EXERCISE INSTRUCTIONS:
The lines below, from the one containing "FILE - This" through the one containing "Working Metal Print", should be set down exactly, with no pictures and nothing else.
#### RECORDS FOR PROCESSING ####
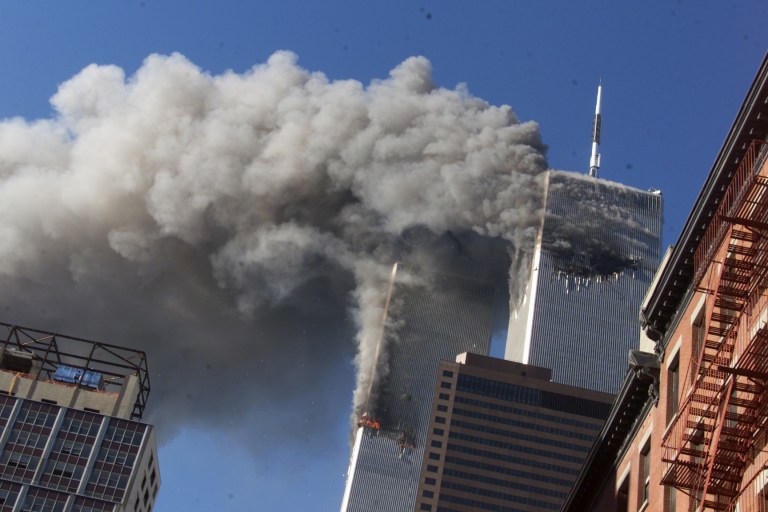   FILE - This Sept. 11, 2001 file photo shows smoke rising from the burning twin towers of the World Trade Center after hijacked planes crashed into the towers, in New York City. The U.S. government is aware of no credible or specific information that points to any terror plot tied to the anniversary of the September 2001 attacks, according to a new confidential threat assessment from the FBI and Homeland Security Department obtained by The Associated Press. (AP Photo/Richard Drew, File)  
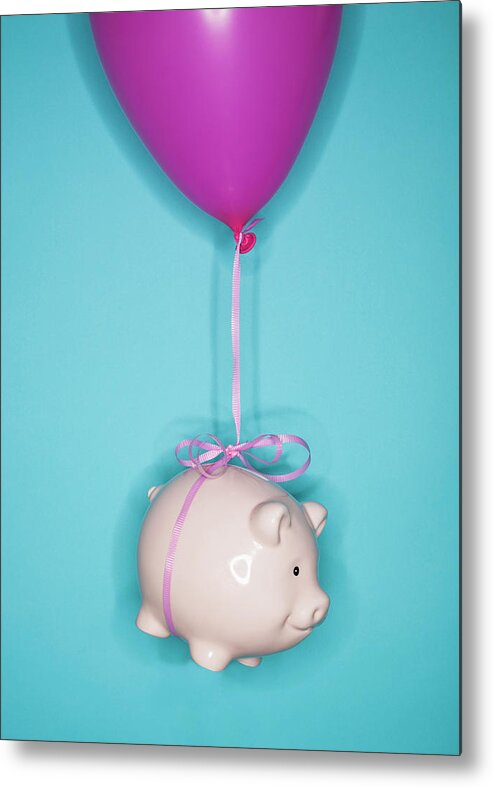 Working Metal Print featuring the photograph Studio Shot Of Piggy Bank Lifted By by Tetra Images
####
#### RECORDS FOR PROCESSING ####
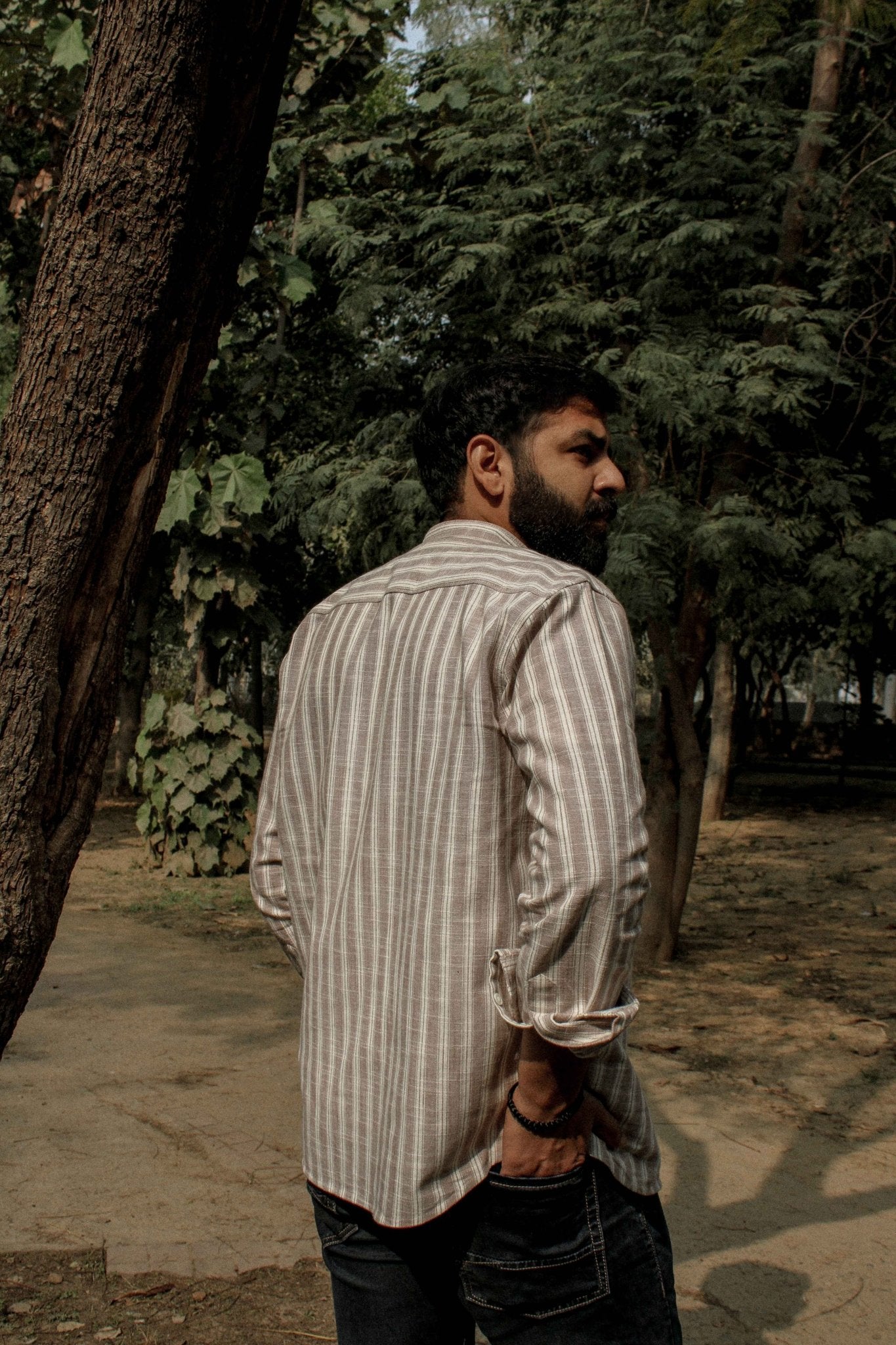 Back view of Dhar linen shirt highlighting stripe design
####
#### RECORDS FOR PROCESSING ####
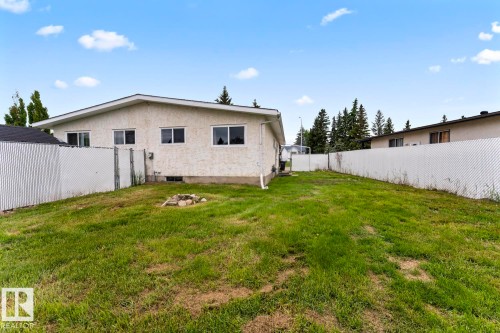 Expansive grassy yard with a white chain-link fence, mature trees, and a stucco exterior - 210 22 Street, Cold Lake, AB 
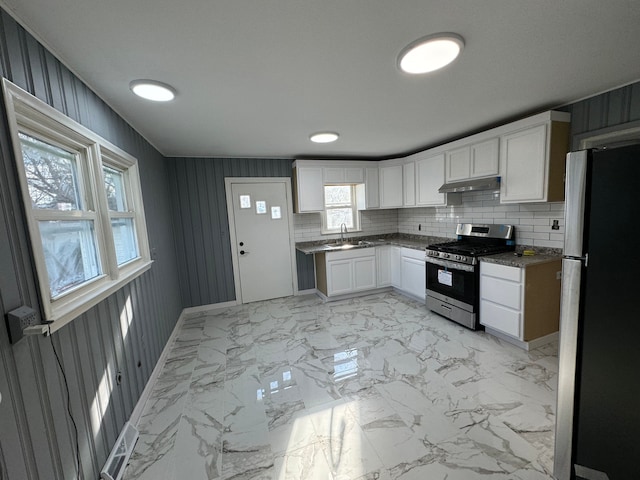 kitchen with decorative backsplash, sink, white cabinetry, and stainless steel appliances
####
WRITTEN SOLUTION:
   FILE - This Sept. 11, 2001 file photo shows smoke rising from the burning twin towers of the World Trade Center after hijacked planes crashed into the towers, in New York City. The U.S. government is aware of no credible or specific information that points to any terror plot tied to the anniversary of the September 2001 attacks, according to a new confidential threat assessment from the FBI and Homeland Security Department obtained by The Associated Press. (AP Photo/Richard Drew, File)  
 Working Metal Print featuring the photograph Studio Shot Of Piggy Bank Lifted By by Tetra Images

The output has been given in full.